India stands as one of the topmost countries facing the retribution of hunger for many decades now. Here are few facts on India’s standing pertaining to food security—India climbed to the 55th position in the Global Hunger Index 2014 as compared to its 63rd position in 2013; the Rapid Survey on Children (RSOC) by UNICEF indicates that there has been a decrease in child stunting for children below the age of five in India from 48% in 2004-05 to 38.8% in 2013-14. These statistics may give us a sense of achievement but as a nation we should have had steeper upward graph in the GHI.

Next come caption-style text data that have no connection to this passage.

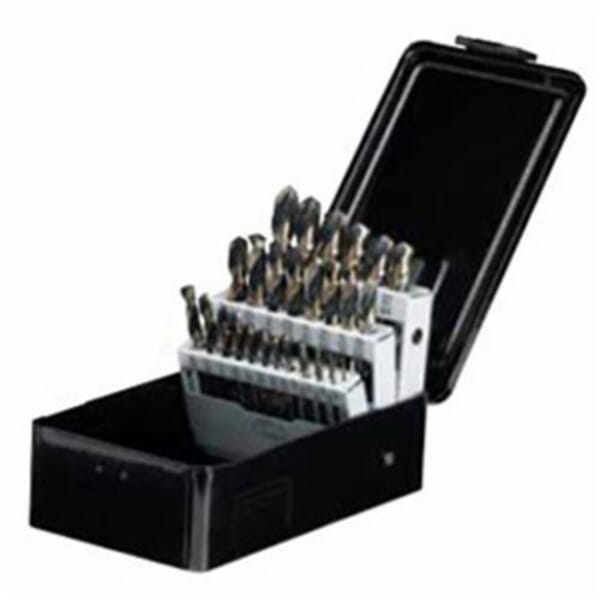 MARXBORE 82144 383 Heavy Duty Mechanic Length Drill Set, 1/16 in Min Drill Bit, 1/2 in Max Drill Bit, 135 deg Drill Point Angle, 29 Pieces, HSS, Black/Gold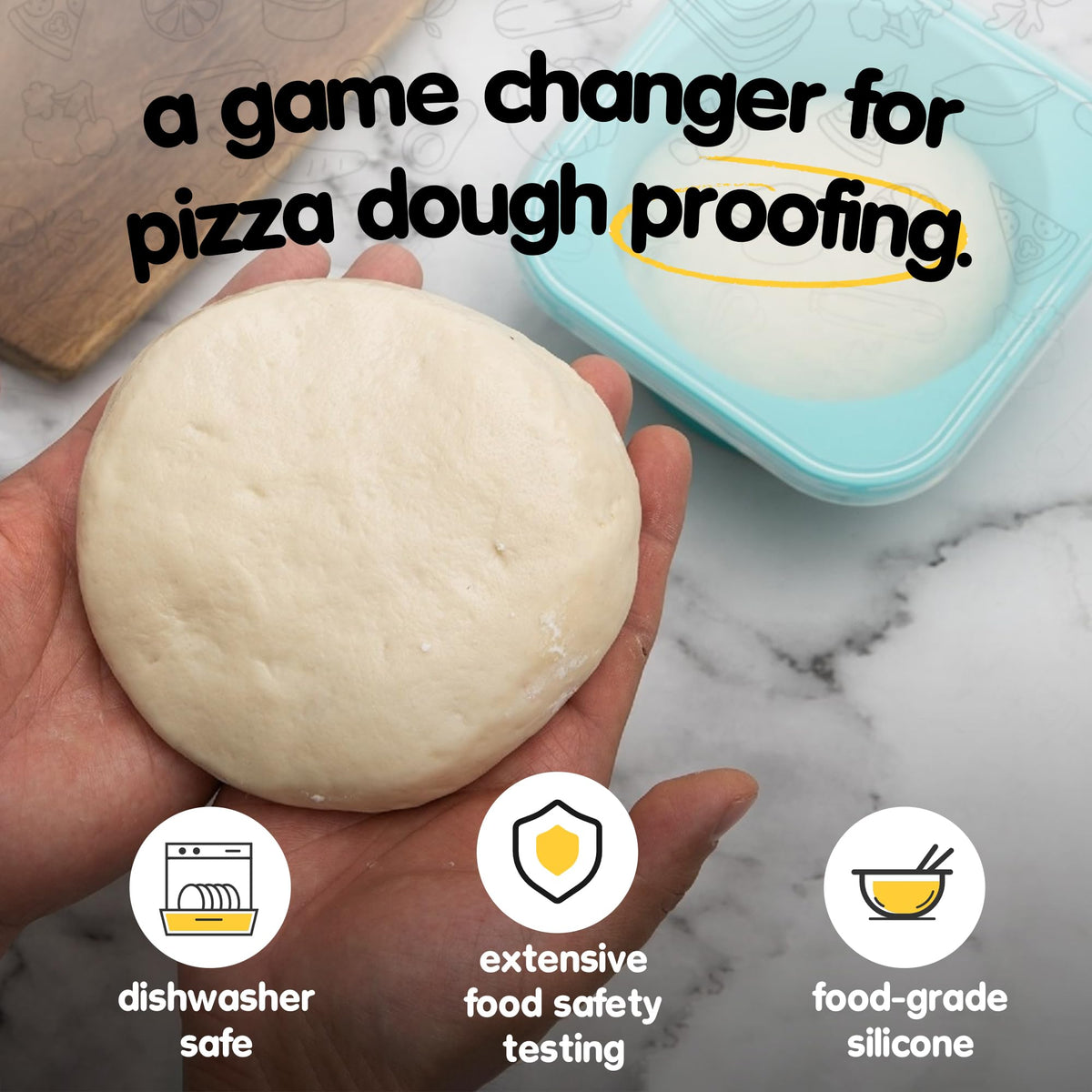 KEVJES 300g dough ball fits into 1000ml proofing container for 12–16 inch crusts.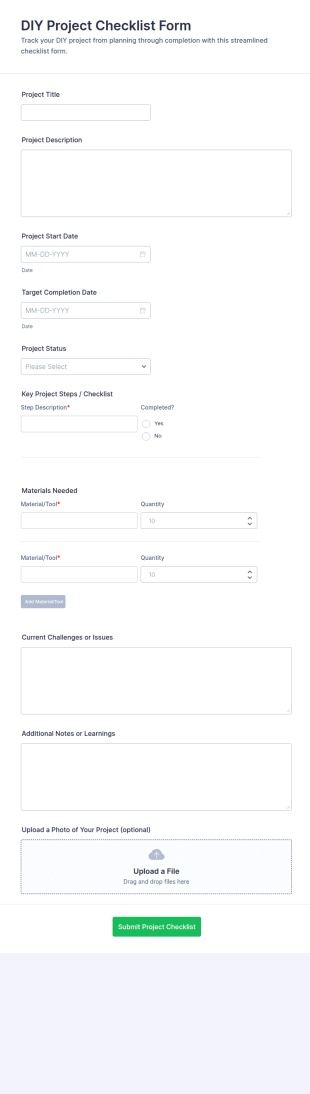 DIY Project Checklist Form Template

Whether the cause for this extensive prevalence of hunger is food wastage, improper storage and distribution, price rise or economic disparity; the continued prevalence of hunger has caused much damage to the children of our nation. 30.7% children under five years old are underweight, 1 in 4 children are malnourished and 3,000 children die every day from poor-diet related illness.

Many NGOs and innovative companies are partaking in the Government’s attempt to counter hunger by taking responsibility in the various initiatives developed. The Akshaya Patra Foundation is one such NGO that implements the Mid-Day Meal Scheme across 10 states benefitting over 1.4 million children every day. By providing these mid-day meals, it aims to bridge the gap of inaccessibility to wholesome food during the growing years of underserved children. Since children have to attend school to benefit from the mid-day meal, it also incentivises children to read and learn, thereby developing them into educated citizens of the nation.

But it not just the Government’s, NGO’s or companies’ responsibility to eradicate hunger, individual involvement is needed to ensure that one day we live in a hunger free society, flagging off with freedom from classroom hunger.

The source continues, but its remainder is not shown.